Sabemos e não questionamos o enorme valor do produtor rural à economia e ao desenvolvimento nacional e o seu papel relevante na conservação de remanescentes de vegetação nativa no Brasil, mas não podemos nos deparar com informações inconsistentes sem nos manifestar. Nos unimos a outras manifestações já publicadas de Professores da Universidade de São Paulo e funcionários do Serviço Florestal Brasileiro de profundo questionamento frente ao posicionamento publicado no dia 05. Não há artigos científicos que sustentem a afirmação do Dr. Miranda que “...a vegetação preservada [do Brasil] chega a quase 75% do território nacional.” A discrepância é enorme quando confrontada, por exemplo, com os números do projeto MapBiomas, consórcio de dezenas de centros de pesquisa nacionais e internacionais, que disponibiliza sua base de dados e códigos de programação em site aberto.
Dr. Miranda usou de “estatística criativa” para chegar aos tais 75%, uma vez que soma Unidades de Conservação, Terras Indígenas, Áreas de Preservação Permanentes, Reservas Legais, áreas auto-declaradas e sobrepostas do CAR (Cadastro Ambiental Rural) e áreas de pecuária sob pasto nativo dos Pampas e Pantanal. Agrega áreas públicas dedicadas exclusivamente à preservação com áreas privadas degradadas e outras dedicadas ao uso agropecuário, situações muito distintas na capacidade de prover serviços ecossistêmicos, contribuir com a redução de emissões de gases de efeito estufa, beneficiar a biodiversidade ou contribuir para o ciclo hidrológico; chamando tudo, num pacote, de “vegetação conservada”. Além disso ignora os dados lançados recentemente sobre o aumento do desmatamento na Amazônia e na protegida Mata Atlântica. Não associa a importância da conservação da vegetação nativa com a garantia de produção de água para a geração de energia, para o abastecimento das cidades e indústrias e para a própria perseverança no longo prazo da produção agropecuária. Desconsidera o principio constitucional que trata da função social da terra.
Mas mais útil do que confrontar os números apresentados por Miranda cabe refletir a serviço do que está a retórica e as conclusões arquitetadas na matéria. Para qual projeto de país e para quais propósitos interessa a mensagem de que a natureza á excessivamente protegida no Brasil e que isto pode implicar em barreira para o crescimento econômico do Brasil? O agro-modelo defendido com estes argumentos é claramente expansionista e desmatador, já que (sic) “apenas 25% são realmente usados, o restante é vegetação preservada”.

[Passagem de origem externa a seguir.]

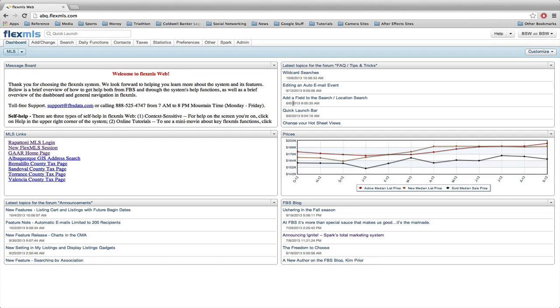Hey guys, it's Brandon Wells from the Blue Crew here at Coldwell Banker Legacy, and in today's quick tips and tricks I want to show you how to do a radius search inside of FlexMLS.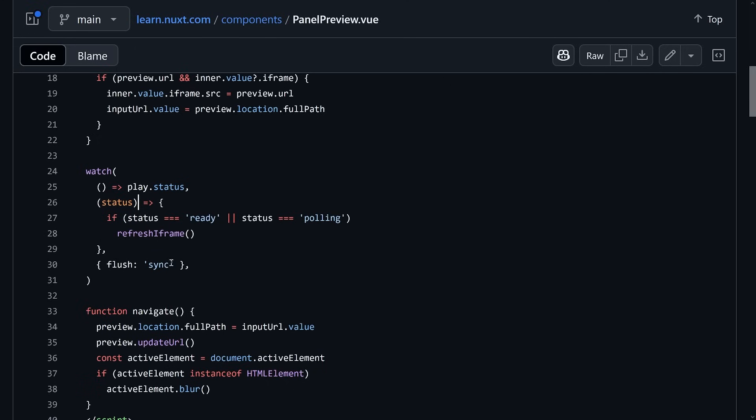Now you might wonder — what's the use case for sync? The typical template rendering use case is not that interesting, but sometimes there are cases. For example, in a panel preview with an iframe that should always be refreshed as soon as state is ready or polling — you want to see the information as soon as possible. There, sync also helps so you don't have to wait for batching operations and see the update straight away.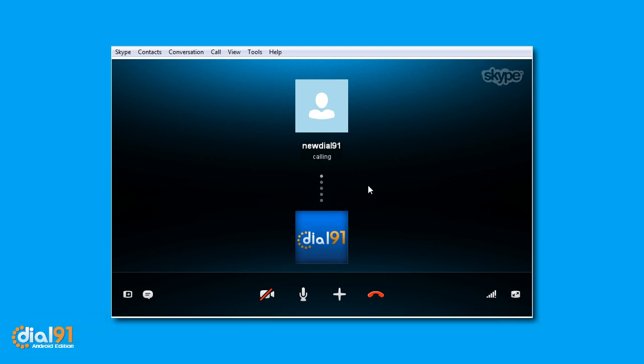Phone India or any other destination in the world with a calling card to India from Dial91.com.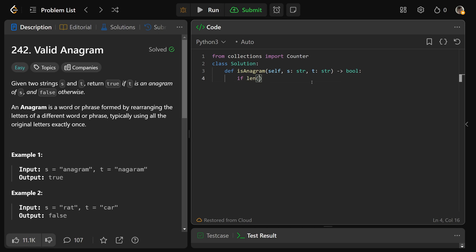But if the length of S is not equal to the length of T, there's actually no point of checking this at all, because they better be the same length. If that is true, we can immediately return false.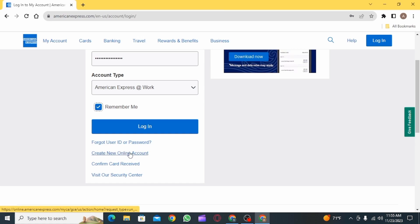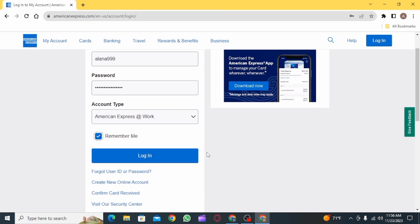If you want to create a new online account, click on this link right here. After you have entered all the details, click on the login option and you will be successfully logged into your MX Bank account.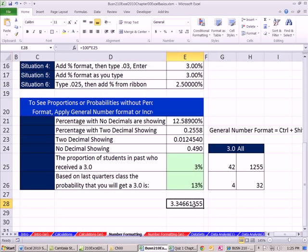So that's a little bit about number formatting. When we come back, in our next video, we'll talk about data sets and then data analysis, like pivot tables and sorting. See you next video.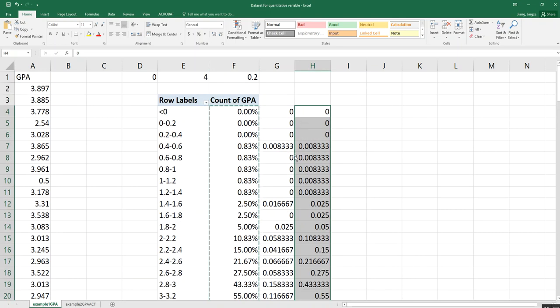As I said, in class we learned the formula, and you can definitely work through it step-by-step to figure out each value. But obviously here we have a shortcut, so feel free to use it.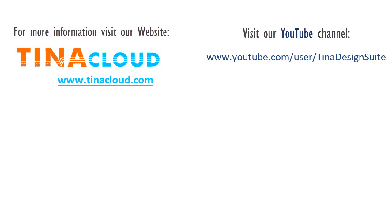For more information, visit our website at tinacloud.com. Visit our YouTube channel at youtube.com/user/tinadesignsuite.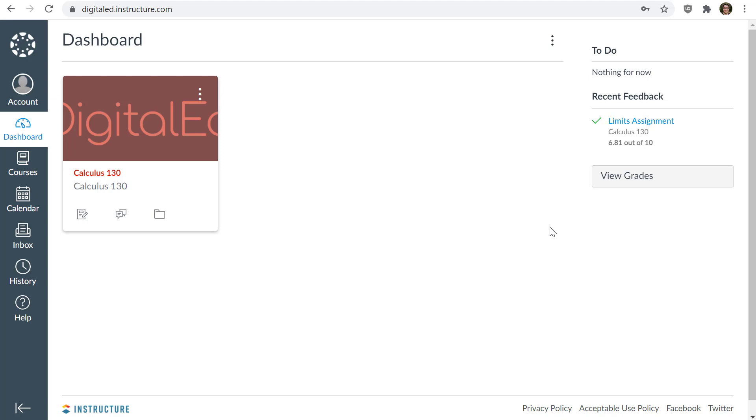It could be something such as Canvas, or Brightspace by Desire2Learn, or Blackboard, or something else. For this demonstration in my video, I am using Canvas.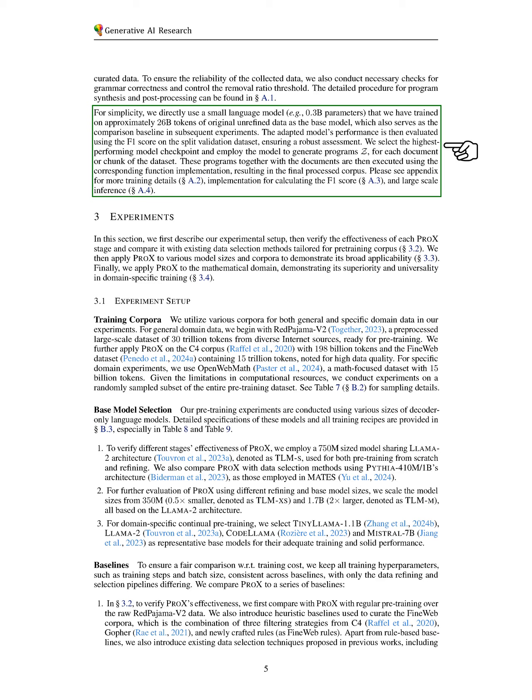For our base model, we use a smaller language model trained on around 26 billion tokens of raw data, which also serves as a baseline for comparison in our experiments. We evaluate the adapted model's performance using the F1 score on a validation dataset, selecting the best-performing model to generate programs for each document or data chunk.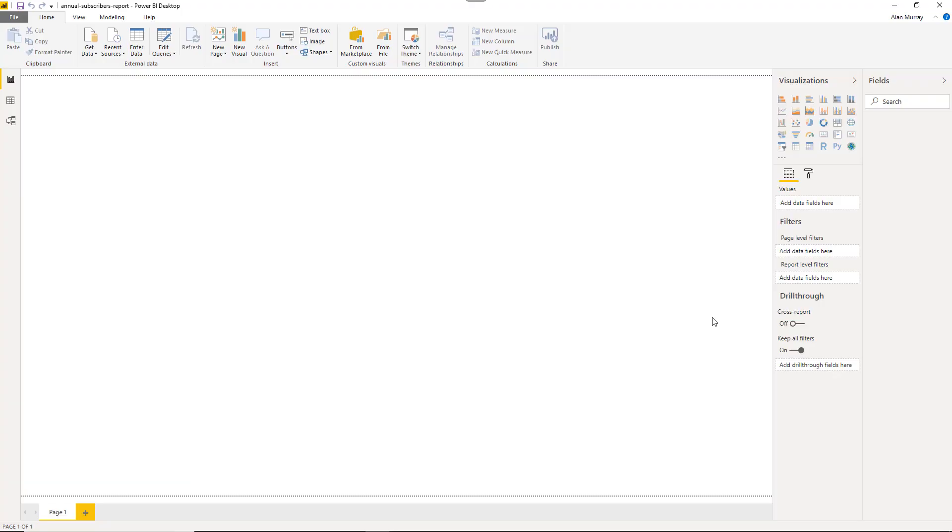Hello and welcome to this video tutorial from ComputerGaga.com. In this video we are going to look at how to import and transform data in Power BI Desktop.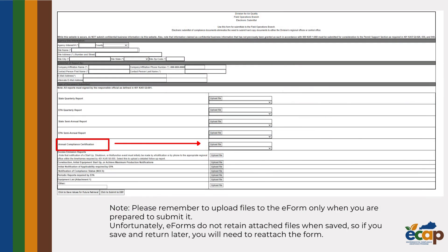Some eForms ask for basic information about the facility to be entered and then allow for uploading files to submit forms. For example, the Division for Field Operations Branch eForm has options to upload files for different reports, including the Annual Compliance Certification, which uses the DEP 7007CC form, a Microsoft Excel file provided by the Division for Air Quality. Other eForms may be completed entirely within the EEC eForm site.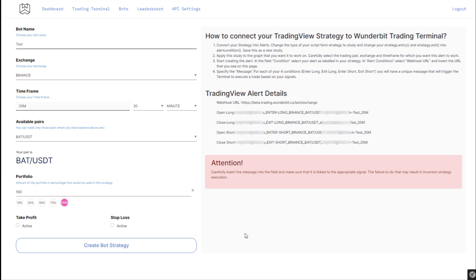We are finally coming to the end of this setup, but this is the most important part of the whole tutorial. We will now create the connection between TradingView alerts and Wunderbit trading platform using the webhook.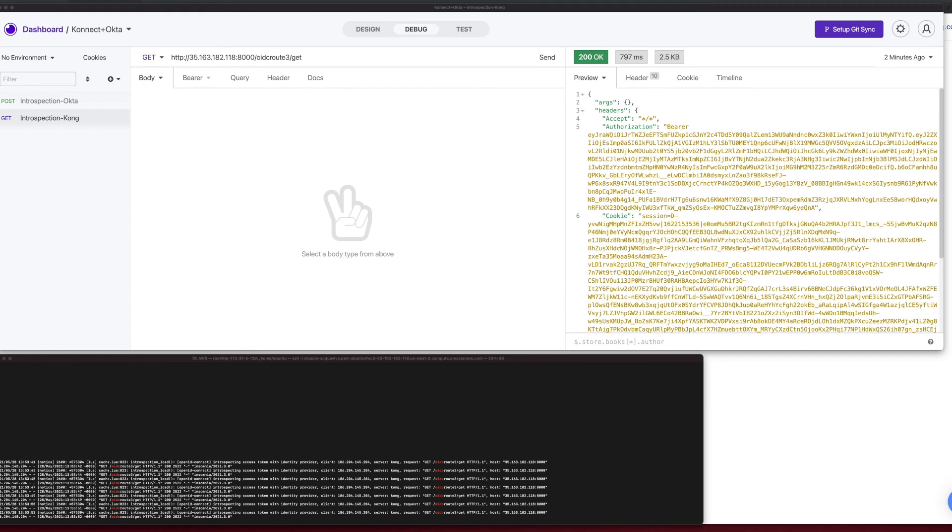Another way to see introspection is deactivating the Okta application. Doing so, all tokens related to it will be considered invalid and, as a consequence, will not be accepted by Kong again.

O que a ciência de fato nos diz é que não é necessário desmatar. Basta incentivar tecnologias e boas práticas na pecuária para liberar grandes extensões de terras aptas à expansão da agricultura. O estoque de terras de elevada aptidão agrícola ainda cobertas com vegetação preservada está quase terminado. Crescer a área via desmatamento, com poucas exceções, irá degradar sem acrescentar nada à produção. O avanço do conhecimento vem apoiando avanços importantes em diálogos, soluções e propostas de políticas públicas e privadas na direção de uma via de intensificação sustentável que deve resultar em um ganha-ganha para a sociedade e para os produtores.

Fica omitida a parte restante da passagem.